CHP Genel Başkanı Özgür Özel, 1 saat 35 dakika süren görüşmede Cumhurbaşkanı Erdoğan’a keşke tüm gerçekleri acı da olsa açık açık söyleseydi.

Söyledi mi, bilmiyoruz. Ortada sadece dolaylı bilgiler dolaşıyor.

Sağlıklı, net bir “ortak açıklama” yapılmadı!

Oysa, “Tarihi” diye adlandırılan bu görüşme mutlaka şeffaf olmalı, millet konuşulanların her kelimesini öğrenmeliydi!

Sonuçta iki taraf da görüşme “olumlu geçti” diyor ama...

Sorunların çözümüne dair henüz bir ışık yok!

Siyasal gerginliğin etkileri toplumu tahrip etmeye devam ediyor.

“Kişiye göre” yapılmak istenen yeni anayasanın hazırlıkları, “ruhsuz ve robot bir nesil yetiştirmeyi” amaçlayan gerici müfredat, baskı ve yasaklar, inatla hapiste tutulan komutanlar, cezaevindeki milletvekili ve siyasi sanıklar, gazeteciler...

Tüm bunlarda değişen bir şey yok!

“Siyasette yumuşama dönemine girdik” sözü politik bir manevra, bir yutturmaca mı yoksa?

Ses var görüntü yok, laf var, eylem yok!

Hal böyle olunca, siyasetteki bahar havası lafta kalıyor, işlerin düzelmesini beklemek saflık oluyor!

★★★

Politikada yumuşuma böyle olmaz...

Evet, insanlarımız sertlikten, küfür ve kavgalardan bıktı, usandı.

Türkiye’nin normalleşmesi için siyasetteki gerginliğin bitmesi gerekiyor.

Ancak... Somut adımlar atmak lazım!

Güzel ülkemizin sorunu, özellikte son dört-beş yıldır bozulan ekonomi, artan yoksulluk, bölünmüşlük, hoşgörüsüzlük ve eleştirilere tahammülsüzlüktür.

★★★

Siyasetteki yumuşama ile birlikte, ülkeyi geriye götüren kararlardan, Atatürk ve Cumhuriyet düşmanlığından vaz geçip birlik olmalı, tüm gücümüzle ülkemizi “Üreten Türkiye” yapmalıyız...

O zaman, enflasyon da biter, açlık da...

Mutlu insanlar ülkesi oluruz.

Şu anda ne haldeyiz?

Dünya Mutluluk Endeksi’nde, 150 ülke arasında 112’nciyiz.
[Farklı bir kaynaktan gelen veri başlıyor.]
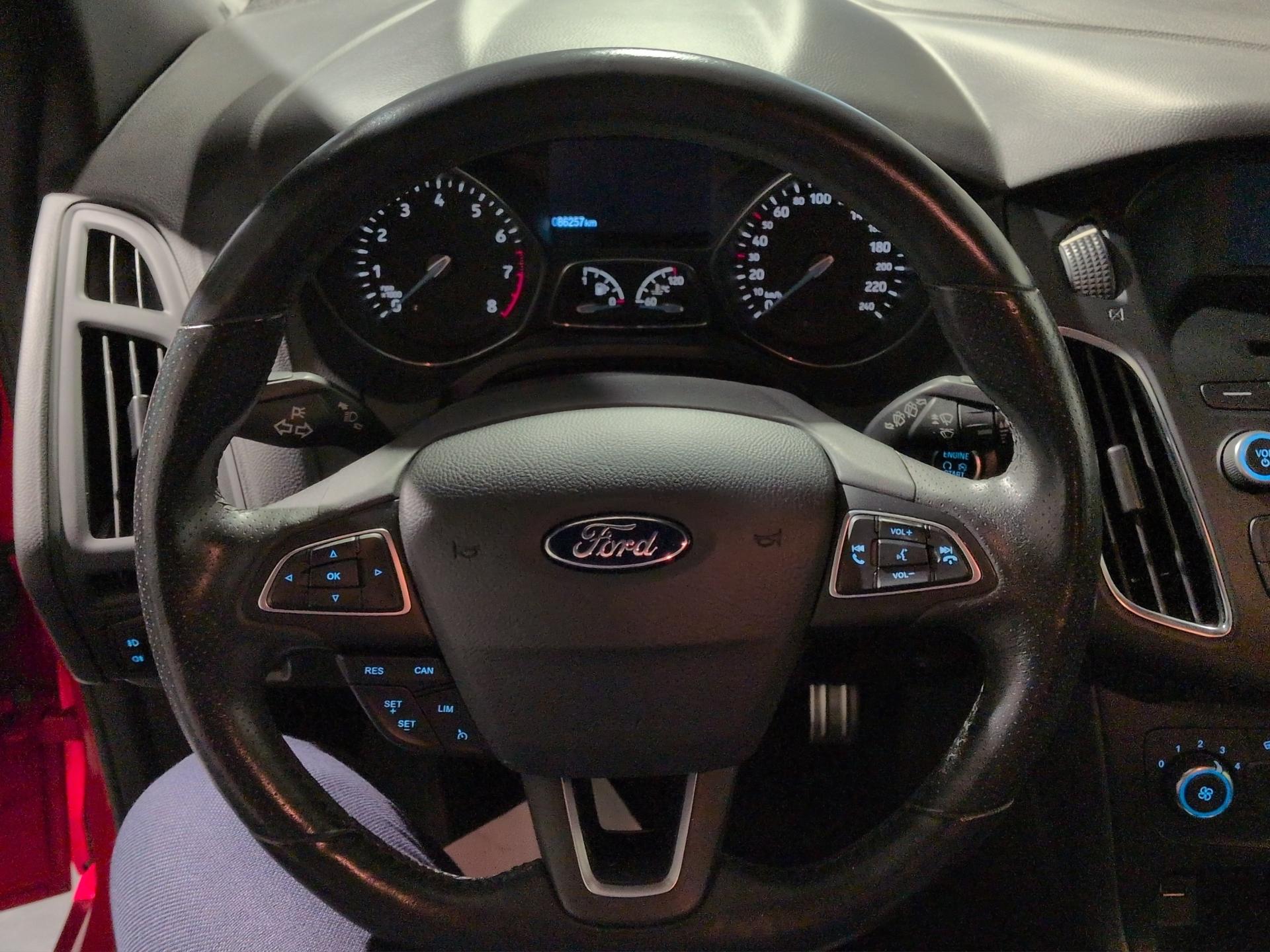 FORD Focus 1.0 SCTi ST Line-image-9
Daha önceki endekste 104’üncüydük... Mutsuzlukta 8 basamak daha gerilemişiz... Biz buna layık değiliz!

“Bugün birine yardım edin!”

Bugün 11 Mayıs... “Ne özelliği var?” diyeceksiniz belki... Usta sanatçımız Müjdat Gezen, 11 Mayıs’ı “Dünya Yardım Günü” ilan ederek herkesi birine yardım etmeye çağırdı.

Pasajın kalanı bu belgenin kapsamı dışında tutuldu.